Diamants sertis, gros plan
Gemmologie — Nº 04

Les 4C du diamant

Carat, taille, couleur, pureté : la grille universelle qui fixe la valeur d’un diamant.

Deux diamants de même poids peuvent valoir du simple au décuple. La différence tient à quatre critères, codifiés par le GIA dans les années 1950 et devenus le langage commun de la profession : les 4C.

Comprendre les 4C, c’est cesser de regarder un diamant par sa seule taille en carats — et savoir ce qu’on paie vraiment.

En bref

Les 4C sont le Carat (poids), le Cut (taille/proportions), la Color (de D, incolore, à Z) et la Clarity (pureté, de IF à I). La taille est le critère qui influe le plus sur l’éclat : un diamant bien taillé « vit » davantage qu’un plus gros mal proportionné.

Le poids

Carat : qu’est-ce qu’un carat ?

Le carat mesure le poids, pas la taille : 1 carat = 0,2 gramme, divisé en 100 points (un diamant de 0,25 ct fait « 25 points »). Le prix au carat progresse par paliers : un diamant de 1,00 ct coûte proportionnellement plus qu’un 0,90 ct, car les gros cristaux sont rares. D’où l’astuce des tailleurs, qui conservent un report juste au-dessus du seuil psychologique (0,90 plutôt que 1,00 pour un meilleur rapport).

Le plus décisif

Cut : pourquoi la taille prime

La taille décrit les proportions et la qualité du polissage, pas la forme (rond, princesse, ovale…). C’est elle qui gouverne le retour de lumière : un diamant trop plat « fuit » la lumière par le fond, un trop profond s’assombrit. Les grades vont d’Excellent à Poor. Un grade « Excellent » fait scintiller une pierre plus qu’un demi-grade de couleur supplémentaire — c’est le C sur lequel ne jamais transiger.

La nuance

Color : du plus rare au teinté

La couleur se note de D (parfaitement incolore, le plus rare) à Z (teinté jaune ou brun). À l’œil nu et une fois montée, la différence entre D et G est subtile ; au-delà de J, la teinte devient perceptible. Le métal de la monture compte : un or jaune « pardonne » une couleur plus basse, tandis qu’un platine met en valeur les pierres les plus blanches.

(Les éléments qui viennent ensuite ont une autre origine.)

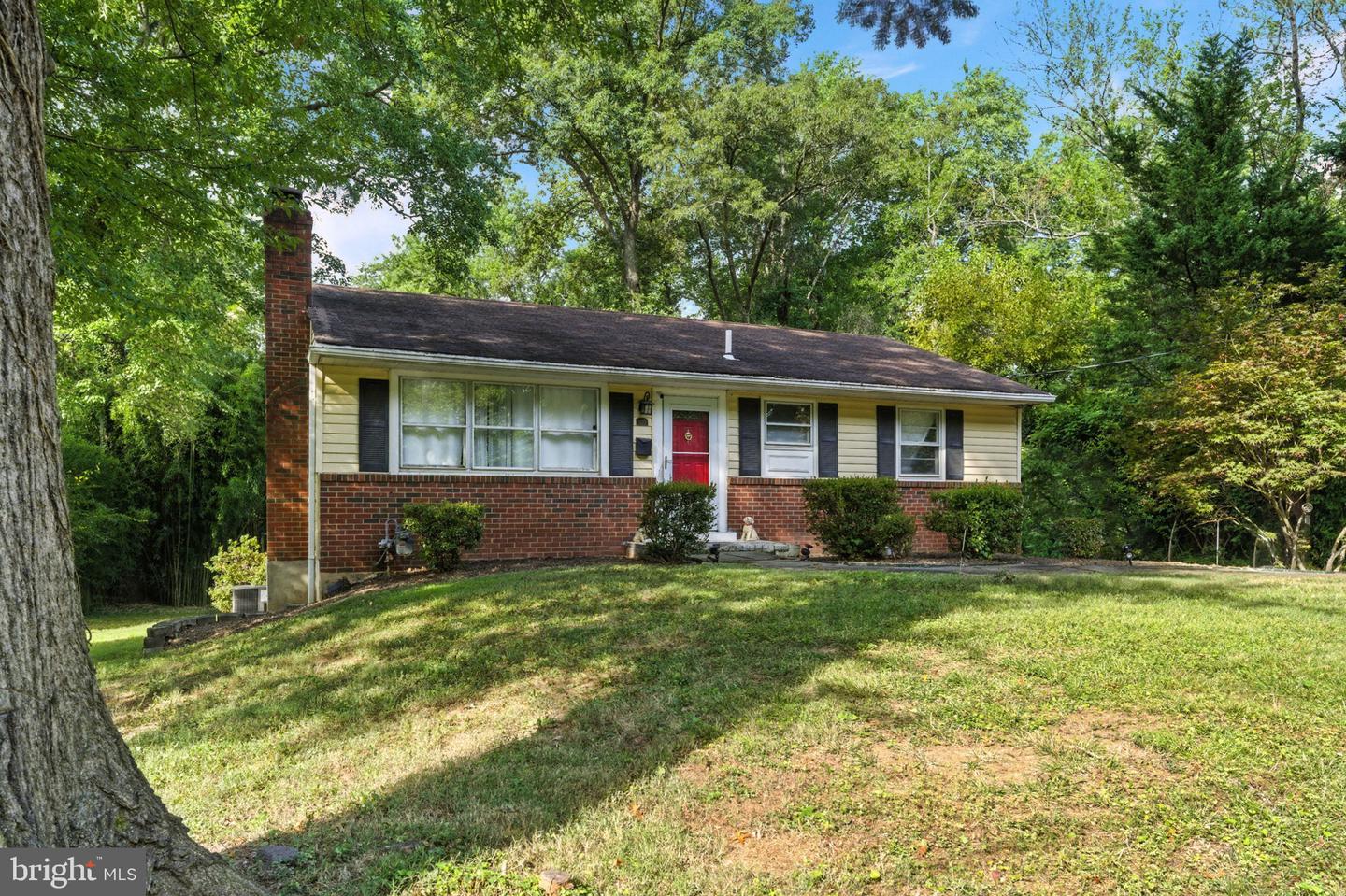 920 COTTAGE ST SW, VIENNA, Virginia 22180, 4 Bedrooms Bedrooms, ,2 BathroomsBathrooms,Residential,For sale,920 COTTAGE ST SW,VAFX2263840 MLS # VAFX2263840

Repères de couleur — perception courante.
GradeCatégorieÀ l’œil nu
D – FIncoloreBlanc pur, rare
G – JProche incoloreExcellent compromis
K – ZTeintéNuance visible
La pureté

Clarity : lire les inclusions

La pureté classe les inclusions internes, de IF (Internally Flawless) à I (inclusions visibles à l’œil nu), en passant par VVS, VS et SI. Le seuil utile s’appelle « les yeux propres » (eye-clean) : une pierre VS ou SI1 sans inclusion visible à l’œil offre le meilleur rapport qualité-prix, car les défauts ne se voient qu’à la loupe 10×.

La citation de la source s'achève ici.